Fatima Ademoh of Nigeria (above) and the other fellows are from sub-Saharan Africa, where, according to U.S. Agency for International Development, two out of three people lack access to electricity. UC Davis / Courtesy
Scow is also director of the Russell Ranch Agriculture Sustainability Institute at UC Davis, and has worked on projects in sub-Saharan Africa. She says the institute will draw on guest lecturers as well as the expertise of faculty from a broad range of disciplines and nearly 20 UC Davis institutes and research centers.
Ademoh says that growing up in Nigeria, she saw a lack of access to energy deny people clean water, quality education and health care.
"This bitter scenario of energy poverty I witnessed has engraved the interest in tackling energy poverty in my heart," Ademoh says.
A biodigester project under construction at Rije Village in Nigeria. When completed, the digester would bring electricity to an off-grid community. Kabir Onimisi Ademoh / Youth Agro Entrepreneurs
Ademoh hopes the institute will help her replicate a project, now under construction at
Rije Village, that will use bio-digesters to provide electricity to off-grid homes and businesses.
She and other fellows will see how an anaerobic digester works during their stay.
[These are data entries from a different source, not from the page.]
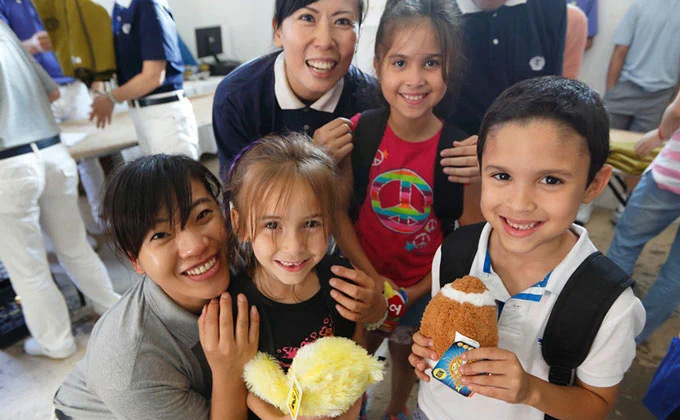 Smiling kids with new toys pose with smiling Tzu Chi personnel.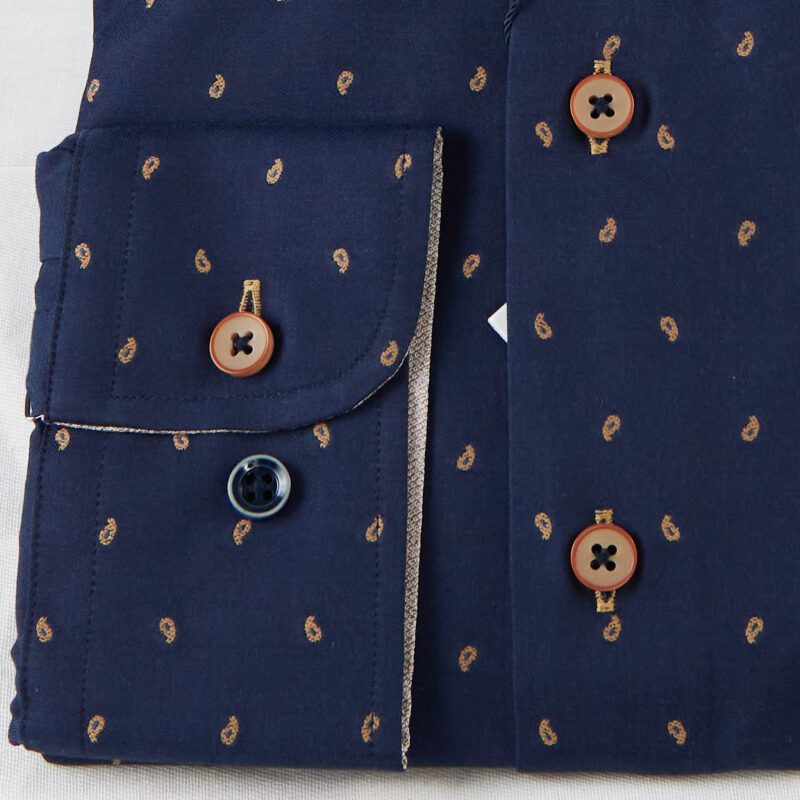R2 blue shirt with small brown sewn knot design from Gabucci Bath.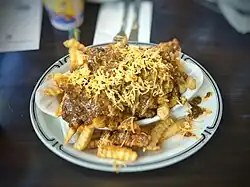 French fries topped with chili con carne and cheese
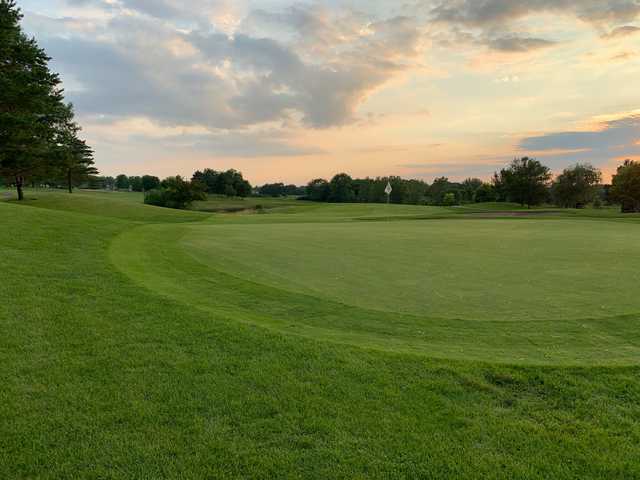 A sunset view of a hole at Crystal Lake Golf Club.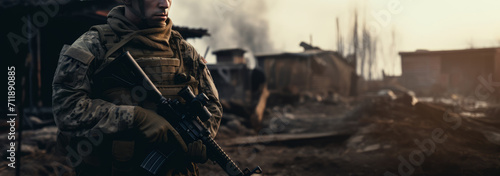 Close-up portrait of a soldier with a weapon during a military operation photo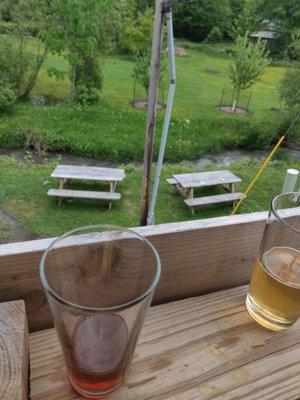 There are three picnic tables around back. This is the deck view (standing room only).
The digester at UC Davis converts campus and community food and yard waste into clean energy.
One of the projects the Ajima Youth Empowerment Foundation promotes is Youth Agro Entrepreneurs. The youth training center and social enterprise incubator "teaches young individuals agricultural practices and business skills to help them set-up their own business or gain useful employment in agriculture," according to the Foundation.
The YAE offers low-to-free tuition for an 18-month intense agriculture training and education program that targets low income families. It is open to individuals between the ages of 18-39.